Entre tanto cemento, los pulmones de aire se están llevando la mirada de todos. Son espacios verdes, atractivos, útiles y beneficiosos para el medio ambiente y la economía: reducen problemas típicos de las edificaciones y promueven zonas de disfrute social.

Hoy, la sostenibilidad se presenta como una forma de trabajar desde distintos ámbitos satisfaciendo las necesidades del mundo actual y preservando las de las generaciones futuras. El diseño y la arquitectura aparecen como herramientas para ser parte de esta nueva dinámica que, con gran impacto, no sólo mejoran la calidad de vida de los propietarios que habitan este tipo de construcciones, sino que también colaboran con el bienestar de toda la comunidad.

La ley de terrazas verdes de la Ciudad de Buenos Aires que se aprobó en el año 2012 establece reducciones de pago tanto en los derechos de alineación y construcción, como en el Impuesto de Alumbrado, Limpieza y Barrido para los propietarios de aquellas construcciones que presentaran techo o terraza verde, con el fin de contribuir de manera sustentable al medio ambiente urbano. Sin embargo, aún no fue reglamentada. 

La tendencia de los techos verdes se está posicionando a nivel mundial en busca de una construcción sustentable con nuevas técnicas y materiales eficientes, que optimice el espacio, el potencial del emprendimiento y que, además, establezca una relación con el entorno social al que pertenece. También, se presenta como una alternativa ante la demanda de los espacios verdes que escasean en la ciudad y que actualmente funcionan como puntos de encuentro y dispersión.

La Organización Mundial de la Salud recomienda contar con un mínimo de entre 10 a 12 o 15 m2 de espacio verde por habitante, entendiendo que este requisito no solo ayuda a preservar el ambiente saludable, sino que también impacta directamente en la salud física y mental. “Buenos Aires apenas cuenta con 5,5 m2 de espacios verdes por persona, lo cual es muy poco a nivel mundial.”, alerta Sebastián Salguero, director de Mundo Terraza y co-autor de la ley.

Gentileza Mundo Terraza
Gentileza Mundo Terraza
Gentileza Mundo Terraza

Dentro de las nuevas necesidades que surgieron a partir de la pandemia, contar con espacios verdes lidera el ranking y por eso las plazas verdes se volvieron un punto de encuentro invaluable y la falencia se hizo notar. “A raíz de la cuarentena hubo un cambio de conciencia y se están colocando terrazas verdes como nunca antes”, analiza Salguero. Además, ante la incertidumbre que prometen las vacaciones de verano, mucha gente está utilizando el dinero para remodelar su hogar.

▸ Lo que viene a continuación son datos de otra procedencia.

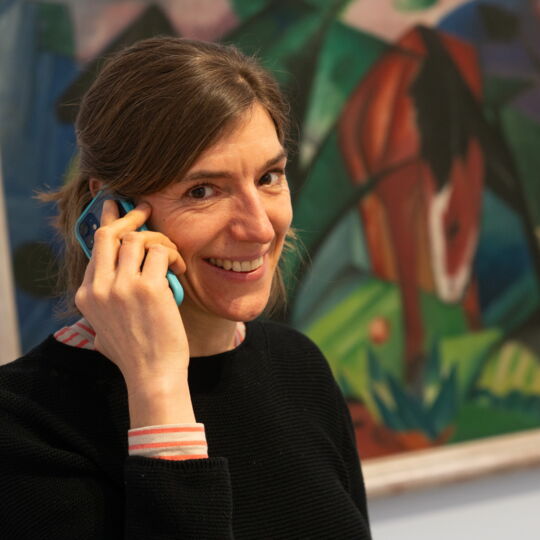 Eine Frau mit glatten, braunen Haaren hält sich lächelnd ein Smartphone ans Ohr. Hinter ihr ist ein abstraktes Gemälde zu erkennen.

¿Será entonces la pandemia el puntapié para que las terrazas verdes cobren la importancia que merecen? Sebastián Salguero observa que en aquellos lugares donde hay un respeto y valoración por los espacios verdes, la gente ya tiene incorporado sumarlas a sus hogares, pero que en Buenos Aires no se tiene una mentalidad sustentable y, por lo tanto, ese interés no existe. “La falta de espacios verdes, no motiva a que haya más, todo lo contrario, una persona alejada de lo natural y espacios verdes, se sigue alejando”, desarrolla.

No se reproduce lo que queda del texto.